The water treatment plant became operational in 2009 with a price tag of $75 million, tens of millions more than initial estimates, causing Fernley to incur debt just at the time its economy was crashing down. As a result, last May the City Council enacted a Water Bond Debt Fee for all customers that may remain in place as long as 30 years — or until the debt is paid off. Many residents still refuse to drink the tap water; those who can afford it buy bottled.
The Fernley City Council also passed a resolution in December 2011 guarding its water interests against the residents at the true end of the Truckee, members of the Pyramid Lake Paiute Tribe. The resolution prevents the tribe from purchasing water rights from Fernley.
“After years of good faith negotiations between Fernley and the Tribe to ensure the long-term viability of Fernley while restoring water to Pyramid Lake, we are deeply disappointed that the Fernley City Council has reversed course and adopted a provocative, ill-informed resolution maligning the integrity of the Pyramid Lake Paiute Tribe,” said Tribal Chairman Wayne Burke.

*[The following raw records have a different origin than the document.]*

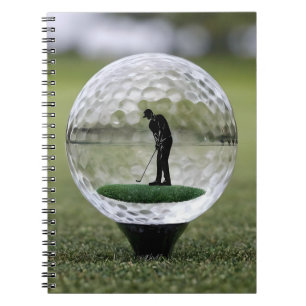 Glass Golf Ball With Golf Player Inside, Notebook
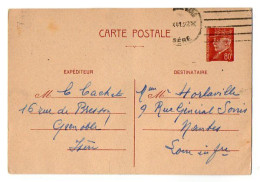 TB 4730 - 1941 - Entier Postal Type PETAIN - M. CACHET à GRENOBLE Pour Mme & M. HORLAVILLE à NANTES ( Bombardements ) - Standaardpostkaarten En TSC (Voor 1995)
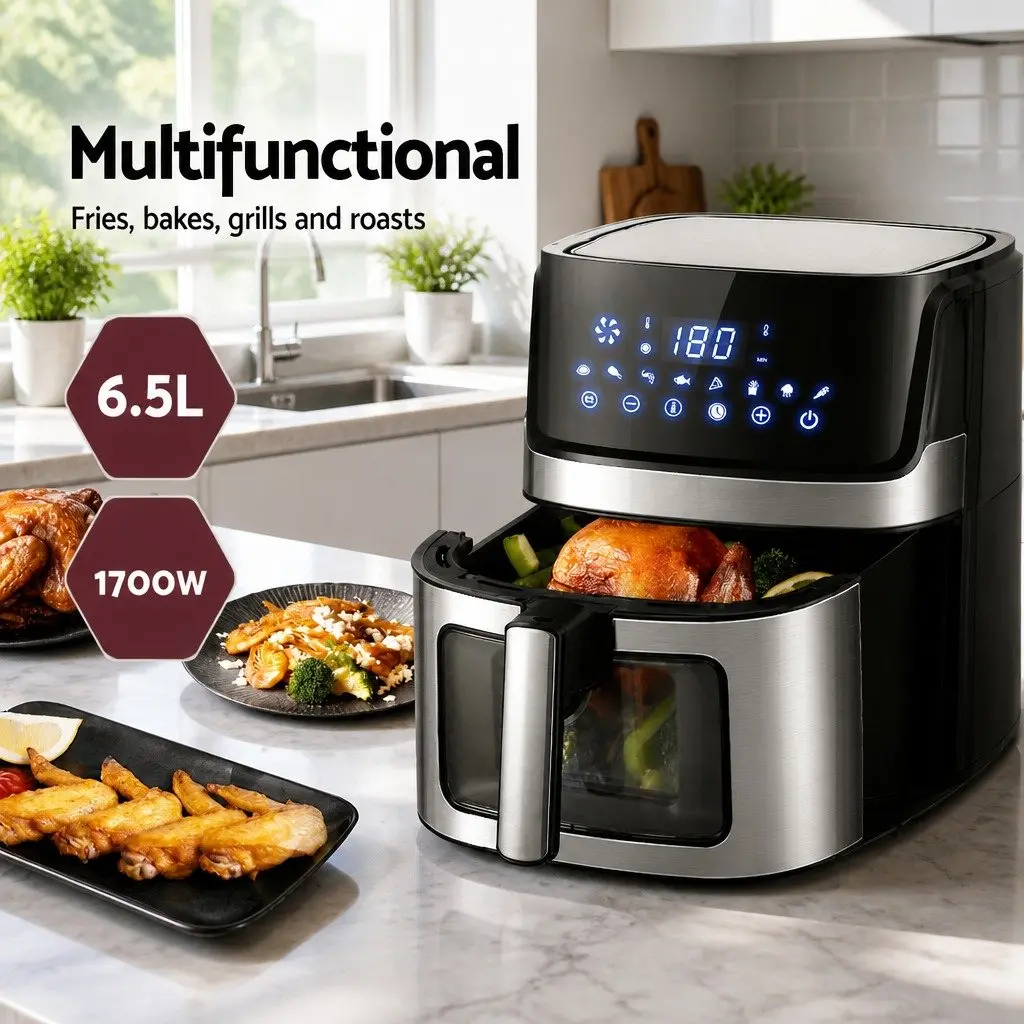 Air Fryer 6.5L LCD Touch Control Panel Tempered Glass Window Kitchen Cooking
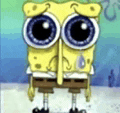 spongebob squarepants is a cartoon character with big eyes and a sad face .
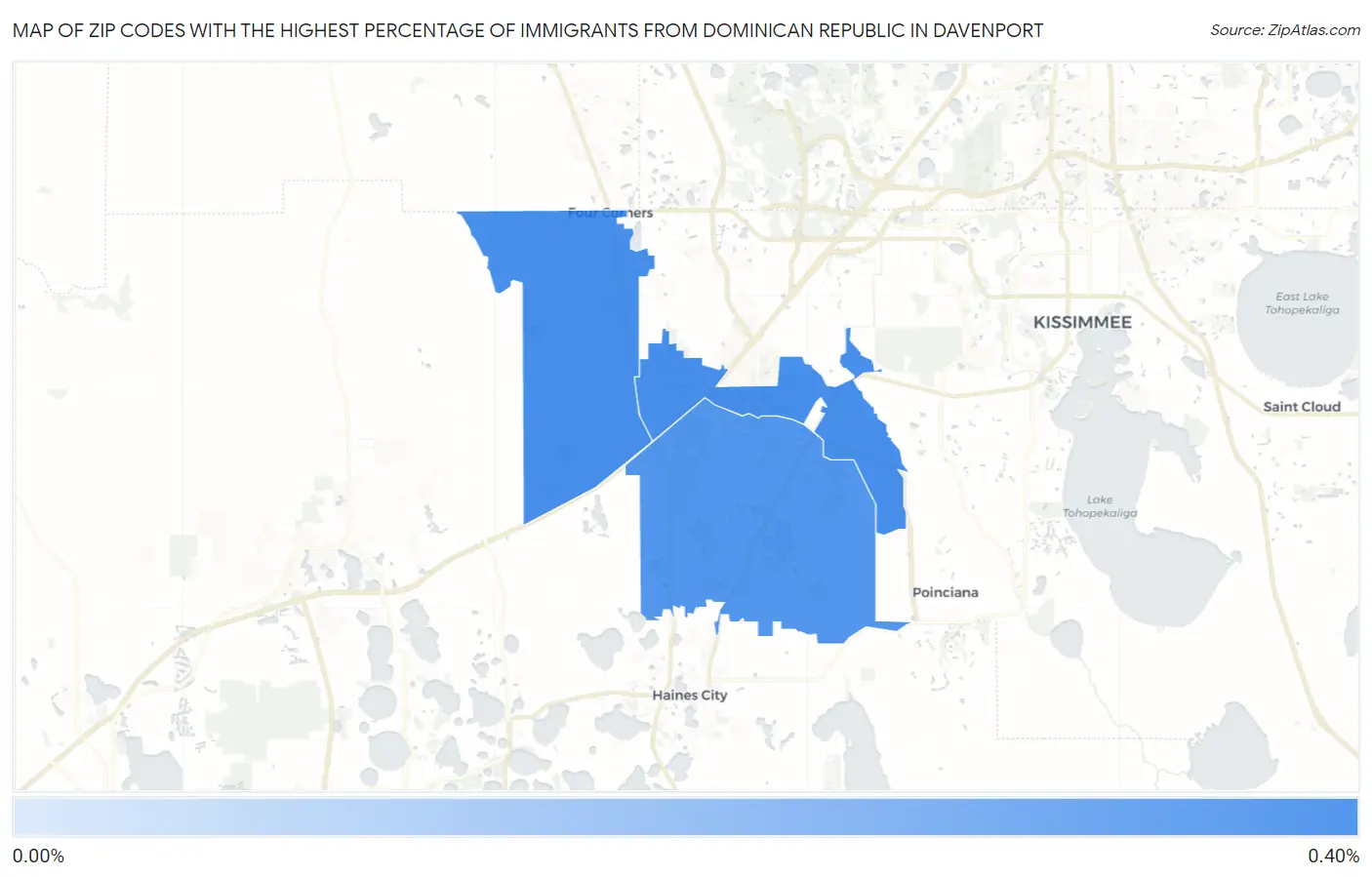 Zip Codes with the Highest Percentage of Immigrants from Dominican Republic in Davenport Map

Along the banks of the Truckee with Highway 80 rolling by in the distance, Reno resident Dave Stanley was teaching two first-timers how to fly-fish for brown and rainbow trout, flicking the long lines back and forth over their heads. The desert sun was partway out, warming the Alpine breeze.
“I’ve been making my living on the river for 30 years,” said Stanley, a professional fishing guide. He spoke highly of environmental groups, like the Nature Conservancy, that spent millions of dollars to study and restore large sections of the river.
But the economic boom and lingering bust in Fernley and the larger area concern him, he said.
“At some point you’ve got to say, ‘Hey, you can’t afford to expand anymore,’” Stanley said. “My personal view is that I hope somebody has done the math. The river can only support so many people.”